When Pawloski gained attention for ejecting a crowd of police and a public health official from his church with screams of “get out, you Nazis,” Arcade came to his defence.
“It can be hard for you to grasp but your behaviour is that of Nazis and communists. You, pushing your masks, your vaccines, your social shame… You are no better than everything you were raised to hate,” he wrote under an image depicting the event.
Adding, “you may hate me, but I don’t care anymore. You are wrong and I don’t need you.”
While a response to questions about the meanings of particular songs, it was suggested that we might struggle to “understand the art form” used to craft songs like “Among Us,” which warns the listener of an enemy that “builds their might, they live among you now.” Another, titled “Accelebrate,” tells the listener to “celebrate, when it accelerates,” invoking language heard in MacKenzie’s previous streams and ideologies that see a coming collapse as inevitable.
The most popular member of the Plaid Army, MacKenzie is a retired combat veteran from the Canadian Armed Forces, has been steadfast in his opposition to lockdowns and what he views as a larger conspiracy to use vaccines and the media to seize power and disenfranchise white Canadians.
Before the pandemic, however, MacKenzie's focus often drifted to supporting theories of secret Jewish plots, including perpetrating the attacks on the World Trade Center on September 11, 2001.
“I don’t actually know what 9/11 was about. Like, none of us really believed it. So, what is the real story anyway?” he said during an April 2020 appearance on another Plaid Army member’s show. “And I ended up finding Ryan Dawson and some other people, and I did not like what I saw.”
Ryan Dawson is a Holocaust denier who believes that the pandemic and the September 11 attacks were planned by “the Jews” and Israel. He is known for his documentary “War by Deception,” in which he argues the attacks were planned by a “Zionist cabal” of Israeli and American Jews working in the US government.
MacKenzie is a regular host of anti-lockdown figures on his own stream, previously sitting down with Ontario Member of Provincial Parliament Randy Hillier and protest leader Chris “Sky” Saccoccia, who himself has a history of Holocaust denial and historical revisionism. Saccoccia and MacKenzie recently had a falling out, with the latter even taking to his chat to ask why Saccoccia no longer expressed his doubts around the Holocaust.
“What happened to the based guy?” MacKenzie wrote. “How come he doesn't talk about that stuff anymore? It all fell out of his head?”
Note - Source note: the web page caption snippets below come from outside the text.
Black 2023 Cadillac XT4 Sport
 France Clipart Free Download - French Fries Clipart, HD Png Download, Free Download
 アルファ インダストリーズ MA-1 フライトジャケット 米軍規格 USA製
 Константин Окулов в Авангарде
After briefly appearing on MacKenzie’s show again to talk about their particular feud, Saccoccia appeared on both Rebel News and Islamophobic streamer Kevin Johnston’s show and restated his belief that the number of Jewish deaths during the Holocaust was based on religious prophecy, rather than historical research.
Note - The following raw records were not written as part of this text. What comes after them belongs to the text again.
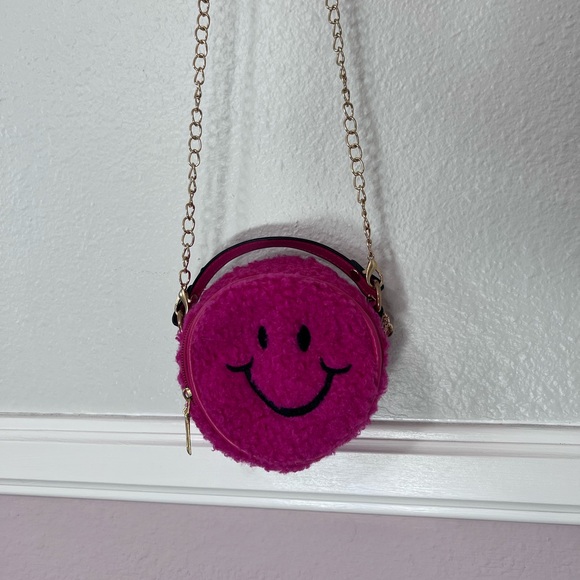 Smiley Face Small Purse - Children / Adult - Picture 4 of 7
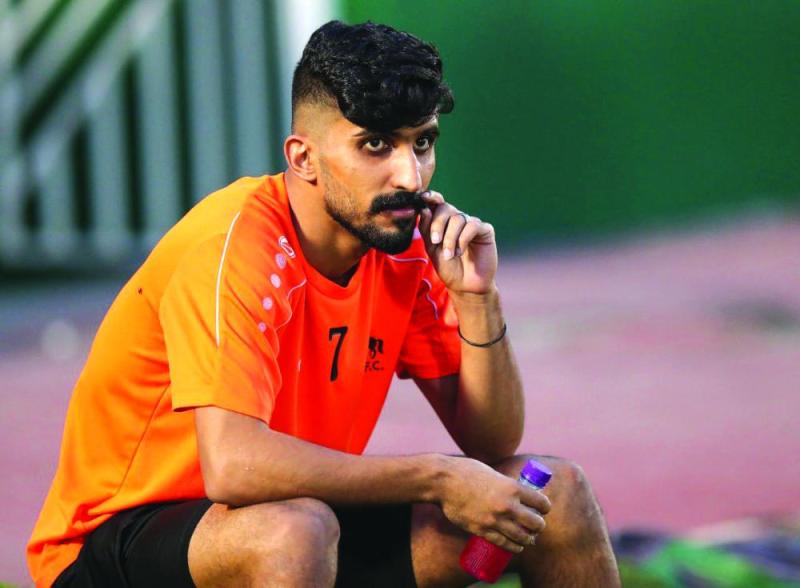 العطوي يعالج الأخطاء قبل مواجهة الاتحاد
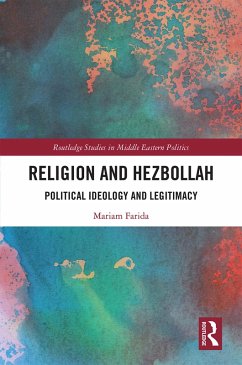 Religion and Hezbollah (eBook, ePUB) - Farida, Mariam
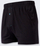 Bokserë Stance Butter Boxer Brief 4", modal lyocell, për burra, të zinj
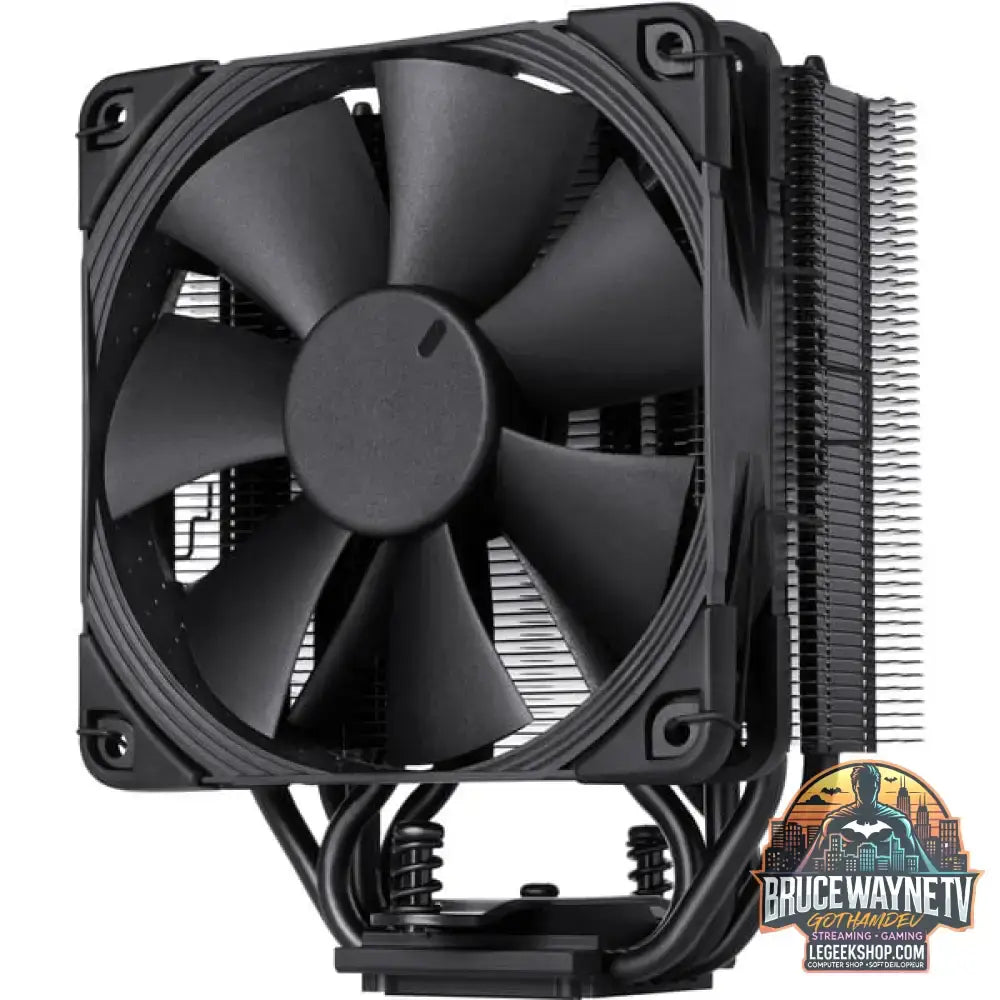 Noctua NH-U12S chromax.black, CPU-Kühler schwarz, 120 mm - Noctua - vue 2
Other episodes from MacKenzie included him showing off his hard copy of Devon Stack’s “Day of the Rope,” a modernized version of “The Turner Diaries,” by neo-Nazi William Luther Pierce. Both books commonly appear on neo-Nazi reading lists.
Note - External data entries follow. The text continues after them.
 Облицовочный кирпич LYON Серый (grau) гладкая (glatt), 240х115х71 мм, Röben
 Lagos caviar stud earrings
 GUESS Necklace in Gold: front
In previous live streams with Matthew Murray Copeland and another vlogger in January, MacKenzie took aim at women in relationships with non-white men, and what he sees as the propaganda of interracial porn.
According to reporting by ARC Collective, on Twitter, MacKenzie claimed "You can't vote your way out of this...the only viable solutions are illegal and I'd be jailed publicly for saying them.”
In the same report, audio can be heard of MacKenzie discussing the book Day of the Rope.
When a commenter said that the book had been banned, Mackenzie stopped the conversation and said “This is a great book; what a piss off. Check this book out if you can find it.”